Leaving Downing Street on Monday, DUP leader Arlene Foster said the extra money should make a deal between her party and Sinn Féin to reestablish the executive at Stormont more likely.
Sinn Féin, however, are still insistent that Foster cannot return as first minister as an inquiry into the RHI heating scandal is currently underway.
Most of the new money for Northern Ireland will go into infrastructure projects as well as health and education.
Mrs.

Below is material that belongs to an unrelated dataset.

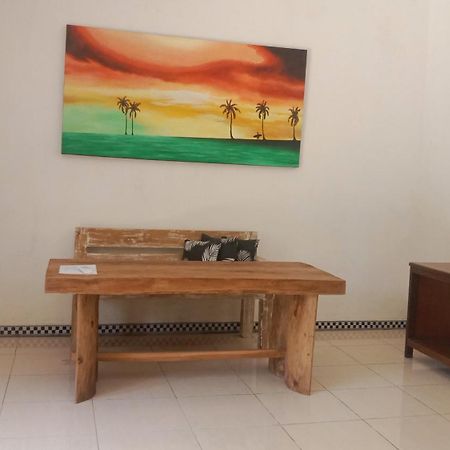 Harris Surf Villa Pulukan Kültér fotó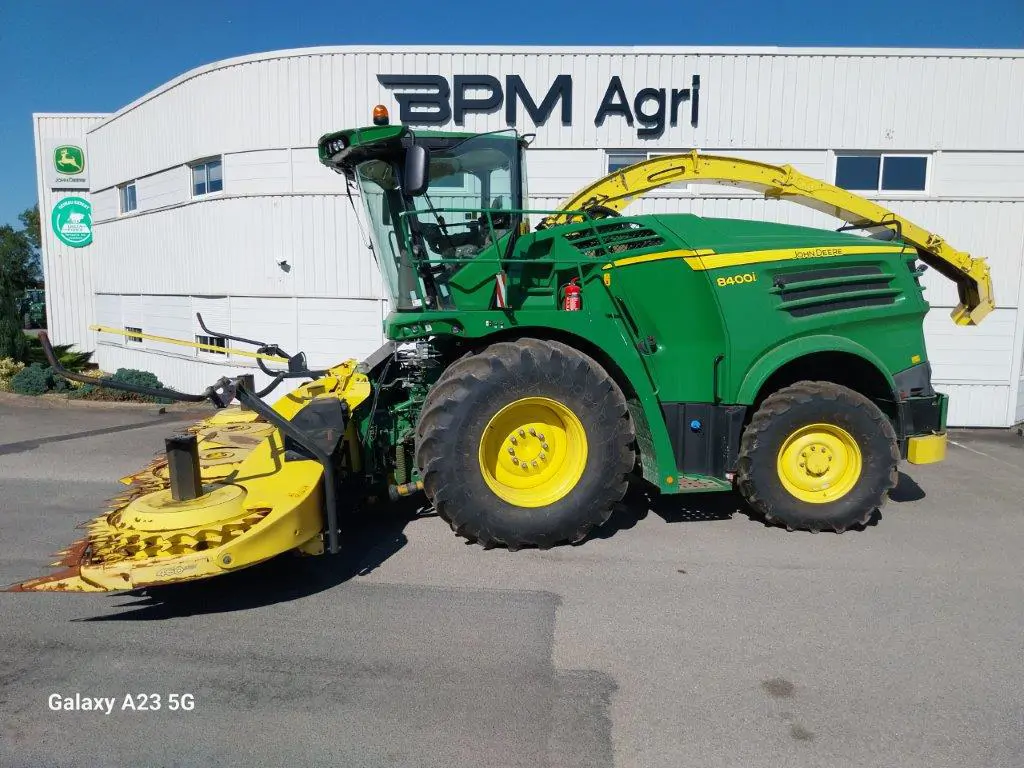 Image JOHN DEERE ENSILEUSE 8400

Foster said the agreement would “boost the economy and invest in new infrastructure as well as investing in the future of our health and education sectors.”
British Prime Minister Theresa May, whose miscalculation in calling a snap election earlier this month has led to the alliance between the Conservatives and the DUP, said: “I welcome this agreement which will enable us to work together in the interest of the whole United Kingdom, give us the certainty we require as we embark on our departure from the European Union, and help us build a stronger and fairer society at home. In the interests of transparency, the full terms of this agreement have been published.”
May said the DUP and the Tories "share many values" and the agreement was "a very good one.”
Speaking about the talks that are now taking place in Belfast, she added: “Her Majesty’s Government will continue to do everything we can to work with the parties in Northern Ireland, alongside the Irish government, to bring back a strong voice at Stormont (the deadline is Thursday, June 29) for a positive future for everyone in Northern Ireland.”
However, reaction among other North parties was focused more on Brexit than the Downing Street billion.
Sinn Féin president Gerry Adams said: “The price of today’s DUP-Tory deal is DUP support for continued Tory Austerity and cuts to public services.
“It provides a blank check for a Tory Brexit, which threatens the Good Friday Agreement."
SDLP leader Colum Eastwood said: "The Tories may have bought the DUP but we will continue to be vocal opponents of the hard Brexit juggernaut that is barreling down the line.
"People in Northern Ireland voted to defend our position in Europe, we will not quietly acquiesce to a Tory Brexit."